The University of Utah campus is located on the lower bench of the Rocky Mountains within a 30-minute drive of seven ski resorts and a few hours' drive from five national parks. The David Eccles School of Business is located on the southern end of campus. Currently, the Eccles School campus includes the Business Classroom Building (BuC), the C. Roland Christensen Center (CRCC), the Spencer Fox Eccles Business Building (SFEBB), and the Robert H. and Katherine B. Garff Building, which opened in Fall 2018.

The SFEBB, the school's flagship building, broke ground in 2011 and had a complete project cost of $72 million. It was the first LEED Certified building on the University of Utah's main campus. Its doors were opened to faculty and staff in November 2012 and to students attending class in January 2013.

==Academics==

The Eccles School is home to a robust offering of programs at both the graduate and undergraduate level.

The Eccles School's MBA program has four completion options, including a traditional, two-year Full-Time MBA; a two-year weeknight-based Professional MBA (PMBA) program with an average work experience of 5 years; a two-year MBA Online program with maximum scheduling flexibility; and a 21-month, weekend-based Executive MBA (EMBA) program, designed for experienced professionals with an average work experience of 14 years.
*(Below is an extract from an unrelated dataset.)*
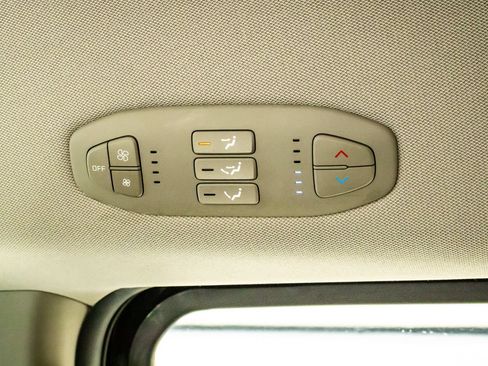 Used 2020 Kia Sedona LX FWD image 15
The Executive MBA program was most recently ranked No. 24 nationally by the Financial Times. It is the only school in Utah to be ranked in the Financial Times’ top-100 Executive MBA programs. The Professional MBA program was most recently ranked No. 60 in the U.S. by U.S. News & World Report. The Full-Time MBA program is ranked No. 44 in the U.S. and No. 22 for public schools by U.S. News & World Report. The MBA Online program is ranked No. 14 in the world by the Princeton Review and No. 25 in the U.S. by U.S. News & World Report.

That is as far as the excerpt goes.